Will Shattuck
1/2/2006 7:19:00 AM
On 1/1/06, J. Ryan Sobol <ryansobol@gmail.com> wrote:
> Sounds like your at the cusp of a new and exciting thing, so I want
> to give you the best advice I can.
>
Yep, I am about as crispy... er... cuspy as they come right now :)
> Here's the table of contents from the book "Learning To Program" that
> Ed Borasky suggested in a previous post. (http://
> www.pragmaticprogrammer.com/titles/fr_ltp/) Just by glancing at the
> chapter titles, which of them seem new, familiar, and old news to you
> in terms of your past programming experience?
>
> 1. Getting Started
It seems I am always doing this with learning to program
> 2. Numbers
> 3. Letters
a..b..c..d..e..f..g.. yep I know my numbers and letters, but I am sure
I don't know what they mean in the Ruby Context.
> 4. Variables and Assignment
Creating and assigning values to variables I understand.
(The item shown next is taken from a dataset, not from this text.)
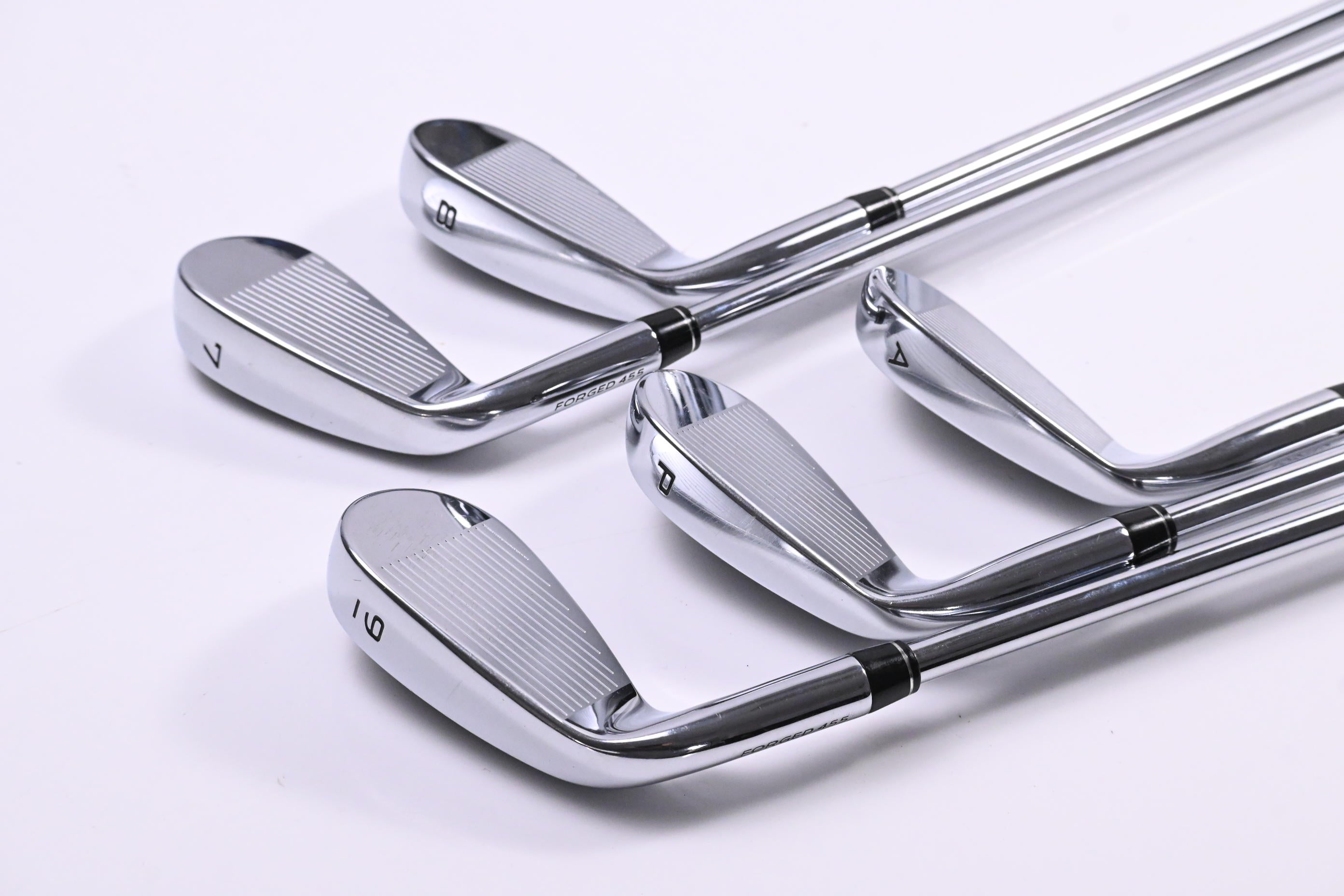 Callaway Paradym X Irons / 7-PW+GW / Regular Flex Elevate MPH 85 Shafts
I have done
it in my C# scripting for the mud engine I am helping to create. foo
= bar; etc etc ... Then I know how to test for (in)equality... foo ==
bar, foo != bar, foo < bar, etc etc
> 5. Mixing It Up
Not sure what they mean here...
> 6. More about Methods
This is probably where I get hung up the most with classes, methods,
instances, instantiation, encapsulation,etc
> 7. Flow Control
IF, ELSE, THEN, WHILE, etc. I understand the concepts, but will have
to learn The Ruby Way to make them work.
> 8. Arrays and Iterators
I touched on arrays in the "Head Start Java" book I was learning from,
but never got very far. Iterators are like " foo = foo +1" or " foo
+= foo " right?
> 9. Writing Your Own Methods
Methods that are inside classes? Again another place I have a very
basic concept of, but haven't done much with.
> 10. There's Nothing New to Learn in Chapter 10
> 11 Reading and Writing, Saving and Loading, Yin and...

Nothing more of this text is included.